Discussion:Tutoiement et vouvoiement

De Arbres

--Wade (discussion) 15 avril 2021 à 08:35 (CEST):

Just a tiny note on "En ancien français au XII°, on trouve encore des exemples de tutoiements/vouvoiements instables." That's often been said in grammars, e.g. Grevisse, and even in older studies, but there's no a fair degree of work on such "instable" systems esp. when English, Anglo-Norman, and French were generalising the V-form, and it has indicated it is not a question of any instability, but rather change in what features T and V forms are sensitive to, which can vary even within a sentence, e.g. solidarity in positive command, distancing in prohibition (cf. when nous/j-ons was switching to on). See Lass 1999 and the articles in Taavitsainen and Jucker 2003 [biblio in The ways of ...]. Some of the apparent cases of instability in Breton might be worth looking at in this manner, while others might be be truely free variation of certain 2SG and 2PL forms.

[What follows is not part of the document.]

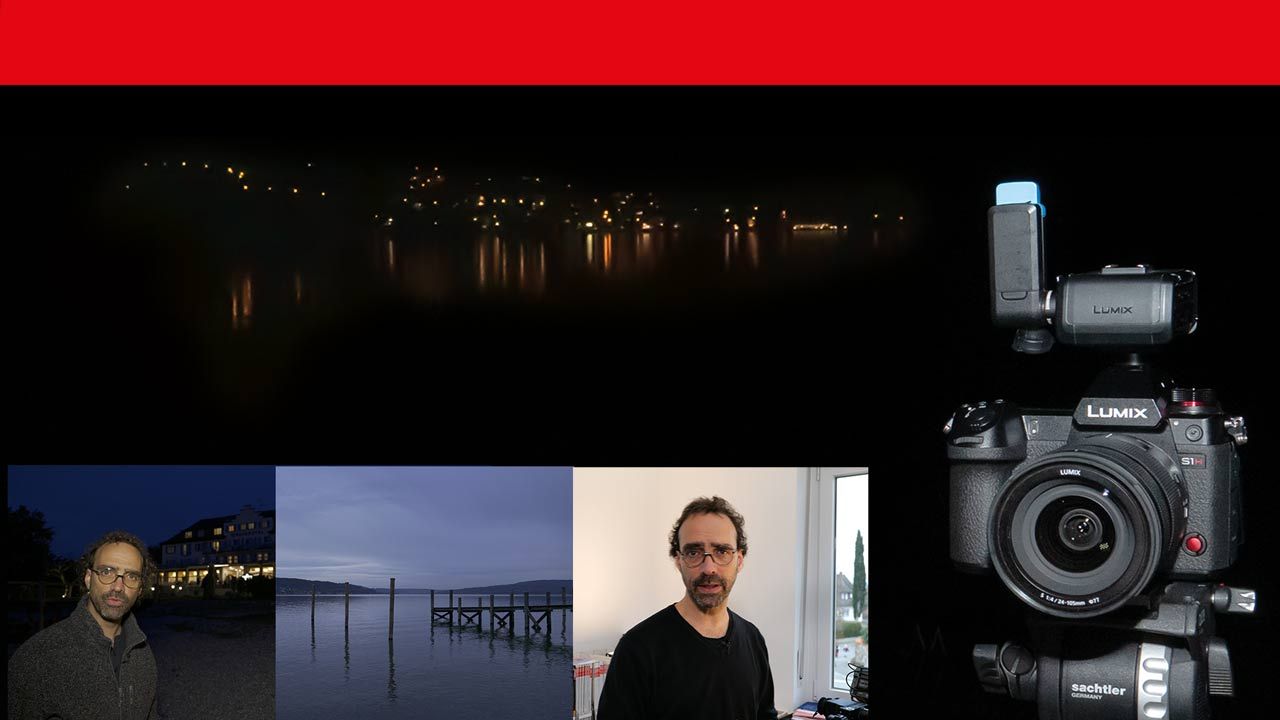 Praxistest: Panasonic Lumix S1H - ISO-Aufnahmen, Autofokus und 6K-Vorteile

--MJ. (discussion) 20 avril 2021 à 10:57 (CEST): Trugarez. For future reference:
  • Lass, Roger. 1999. 'Phonology and morphology', Roger Lass (éd.), The Cambridge history of the English language 1476-1776, 56–186. Cambridge: Cambridge University Press.
  • Taavitsainen, Irma, and Andreas H. Jucker. 2003. Diachronic perspectives on address term systems, Amsterdam, Philadelphia: John Benjamins.
--Wade (discussion) 1 mai 2021 à 08:25 (CEST): Found the right reference arguing that the situation in Middle French is indeed not free but goes along the lines suggested:
  • Mason, P. E. (1990). The pronouns of address in middle French. Studia Neophilologica, 62(1), 95–100. doi:10.1080/00393279008588043
--MJ. (discussion) 1 mai 2021 à 14:45 (CEST): Merci. J'ai intégré son article.
--MJ. (discussion) 19 mai 2021 à 12:12 (CEST): J'ai trouvé le même modèle d'adresse qu'elle dans Janedig ar Rouz, Abeozen (1942), une variété léonarde.